_SUPPLIED MATERIAL_.

================

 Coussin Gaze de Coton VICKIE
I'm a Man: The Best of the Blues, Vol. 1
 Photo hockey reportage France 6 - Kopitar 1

================

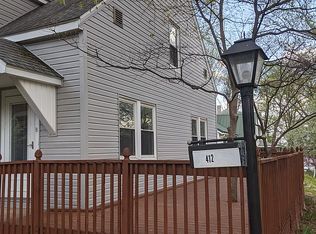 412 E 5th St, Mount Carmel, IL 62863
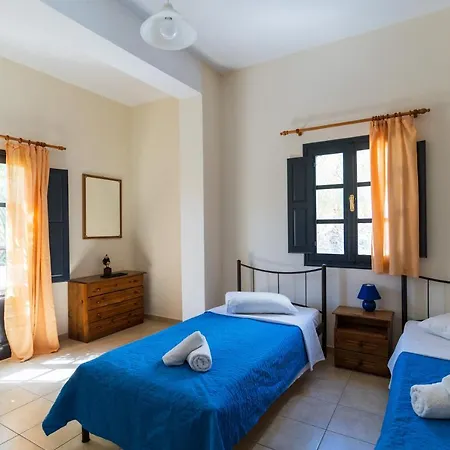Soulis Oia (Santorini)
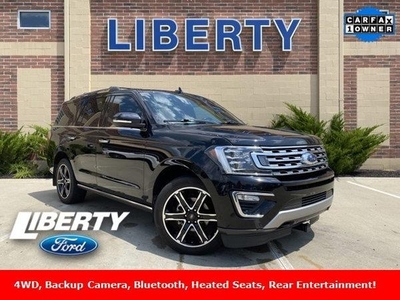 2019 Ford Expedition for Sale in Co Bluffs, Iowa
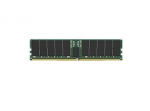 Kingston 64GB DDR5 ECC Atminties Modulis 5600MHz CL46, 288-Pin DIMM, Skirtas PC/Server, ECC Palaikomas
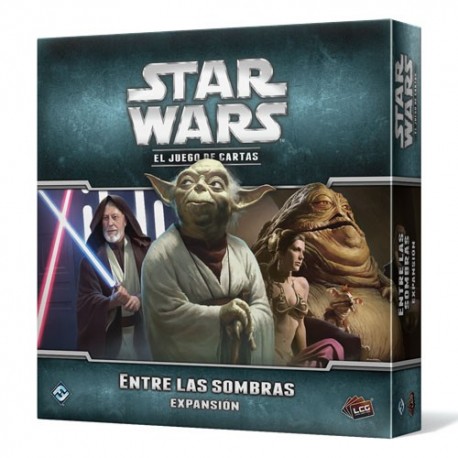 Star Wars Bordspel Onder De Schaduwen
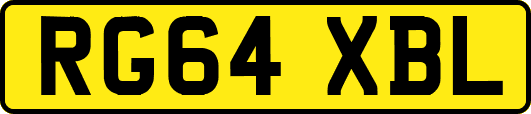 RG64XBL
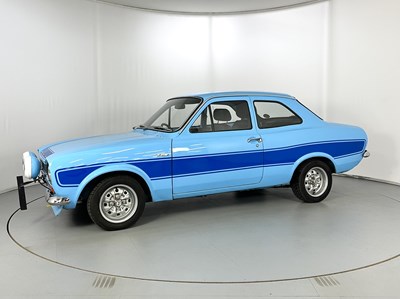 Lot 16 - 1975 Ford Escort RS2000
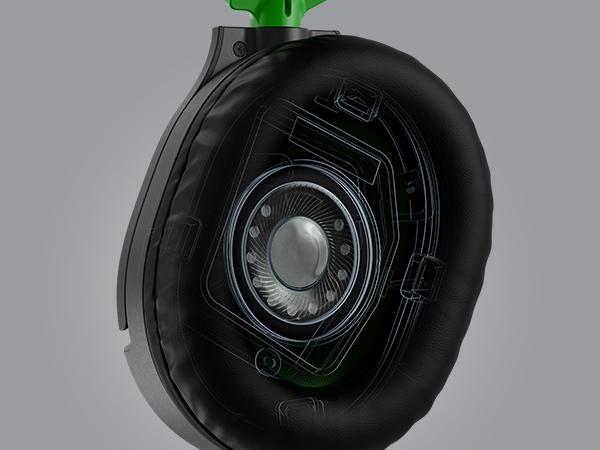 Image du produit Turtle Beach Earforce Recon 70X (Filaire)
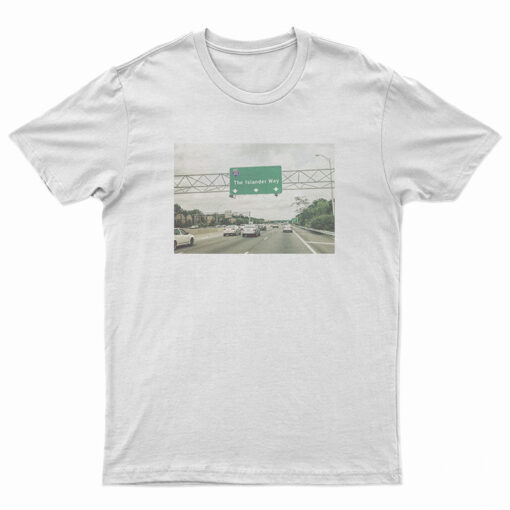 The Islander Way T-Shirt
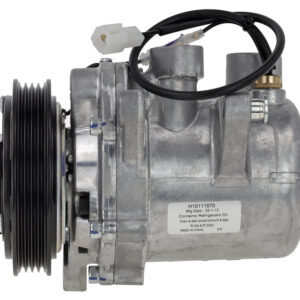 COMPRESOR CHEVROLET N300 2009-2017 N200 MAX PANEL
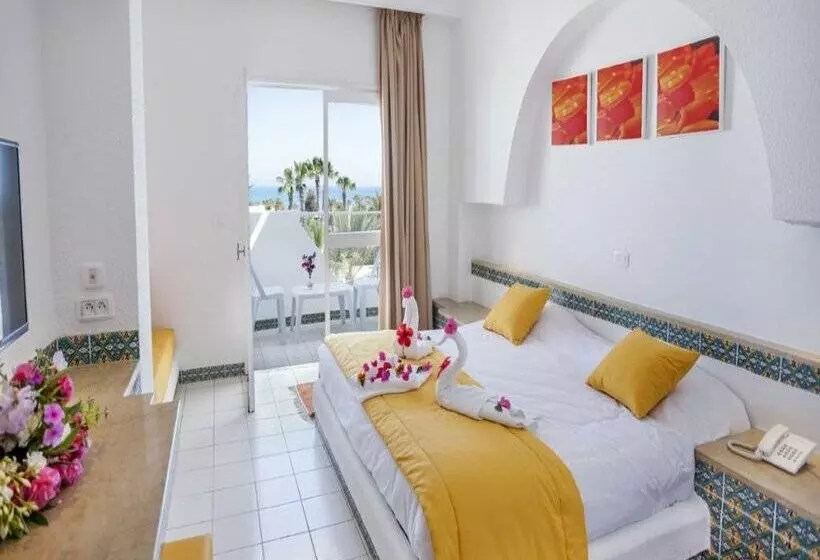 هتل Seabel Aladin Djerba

================

_PROBLEM REQUIREMENTS_. Nothing except the lines from the one containing "Kingston 64GB DDR5" through the one containing "هتل Seabel Aladin Djerba" should appear in the answer, exactly as above and without pictures.

_ANSWER TO THE PROBLEM_.
 Kingston 64GB DDR5 ECC Atminties Modulis 5600MHz CL46, 288-Pin DIMM, Skirtas PC/Server, ECC Palaikomas
 Star Wars Bordspel Onder De Schaduwen
 RG64XBL
 Lot 16 - 1975 Ford Escort RS2000
 Image du produit Turtle Beach Earforce Recon 70X (Filaire)
 The Islander Way T-Shirt
 COMPRESOR CHEVROLET N300 2009-2017 N200 MAX PANEL
 هتل Seabel Aladin Djerba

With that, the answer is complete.